Great point about incorporating behavior though - technology that molds and
aids existent behavior is always needed!

------
Turing_Machine
The model used by Coursera, et al is far from the only model for online
education.

Expecting future education to work like a traditional lecture class (just
online) is far too limiting, IMO. To name just one alternative among many,
consider sites like StackOverflow. Educational? Absolutely. Fits the
traditional model where there's a smart guy standing at the front of the room
(real or virtual) and shoveling the same knowledge into every student's brain
at the same time? Not in the slightest.

There's probably going to be a continuing role for courses and course-like
entities, but those shouldn't be the only thing we work on (and I would argue
that they shouldn't even be the primary things we're working on). The lecture
model was developed to deal with a set of constraints that are largely
irrelevant in an online environment.

------
zachwill
Speaking from the point-of-view of someone who already has a bachelor's
degree, I have found it hard completing free online classes — the majority of
the time I just scan through the lecture notes and assignments.
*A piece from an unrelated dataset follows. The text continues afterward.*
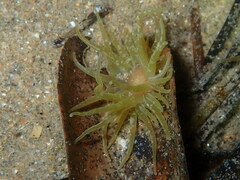 Paranemonia cinerea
On the other
hand, my dad (who has two master's) has worked through almost a dozen MIT
courses — and normally reads through the accompanying textbooks.

The one course I found truly useful was Stanford's iOS course (it really is
one of the best iTunes U courses available). Other than that, I'm much more
likely to watch a single lecture (think TED or Stanford's lecture series on
YouTube) than a whole course.

------
suneel0101
interesting insights, especially connecting learning with some more immediate
and socially valuable reward like a job or enriched personal life.